The Radical Paradigm: Is it Waning?

Despite the continuing threat to Western and pro-Western countries from al-Qa’ida and other extremist groups, the radical paradigm, as enunciated by Usama Bin Ladin and al-Qa’ida, seems to be on the wane precisely because its opposition to ideas of tolerance, inclusion, and participation that mainstream Islamic parties are pushing for. More and more Muslims are denouncing the killing of innocent civilians—Muslims and non-Muslims—and are beginning to question the logic of violence openly and publicly.

The waning appeal of the radical paradigm and the marginalization of al-Qa’ida have been caused by its inability to provide Muslim youth with jobs, education and economic opportunity. Some scholars of al-Qa’ida have argued that al-Qa’ida seems to be suffering from a crisis of legitimacy and authority and that it has lost the moral argument regarding the justification of the killing of innocent civilians. Despite al-Qa’ida’s strong and persistent opposition to “man-made” democracy and elections, more and more Islamic political parties are participating in national elections in their respective countries.

It is becoming clear that despite al-Qa’ida’s continued global threat, country-specific, religious-nationalist jihad has superseded global jihad. Local jihadist paradigms have trumped global jihad, which al-Qa’ida surely must find very disturbing. Even on the local level, Islamic political parties are losing ground in favor of nationalist resistance or muqawama and anti-regime defiance or sumud. Middle Eastern Islamic political parties have rejected al-Qa’ida’s call that they join global jihad.

Some regime supporters hold the position that engaging Islamic political parties could create an environment conducive to radicalization and instability, which also could endanger the stability of pro-Western “moderate” regimes. However, the fact is that the social, political and economic factors that have driven the rise of radicalism in the Arab Middle East have emanated from specific regime social policies and that the radical paradigm has been on the wane in recent years precisely during the period when more and more Islamic parties have entered the political fray. Following are some of the factors that have contributed to the rise of radicalism:

1. Attempts at democratization in several Arab countries remain precarious due to entrenched authoritarianism; regime manipulated electoral systems; a weakened Arab state system; and diminishing legitimacy of national leaders and ruling elites.
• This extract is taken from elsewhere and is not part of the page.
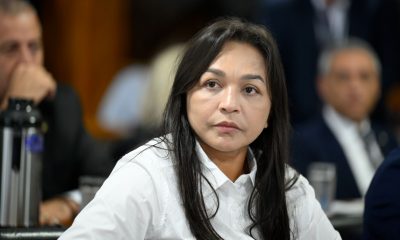 De esquerda, Eliziane Gama quer criar imagem de evangélica raiz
2. Struggle for human rights is anemic in many of these countries due to silencing of pro-democracy voices and pro-reform dissidents; retarding of human and civil rights; expanding regime control of civil society institutions in the name of national security; the failure of secular nationalist ideologies and the inability of secular, liberal groups to persuade regimes to democratize; regime refusal to allow pro-reform political groups, including non-Islamic ones, to organize politically; and Arab elites’ silence about abhorrent violations of women’s rights in Afghanistan, Sudan, Saudi Arabia, and other countries in the region.

3. Non-state actors and sub-state loyalties are on the rise due to weak identification with the traditional national state. The July 2006 war in Lebanon and the December 2008-Janaury 2009 war in Gaza involved waging massive military campaigns by one state (Israel) against non-state actors (Hizballah and Hamas). Continued violence in Afghanistan and Pakistan is another vivid example of on-going conflict between states and non-state actors.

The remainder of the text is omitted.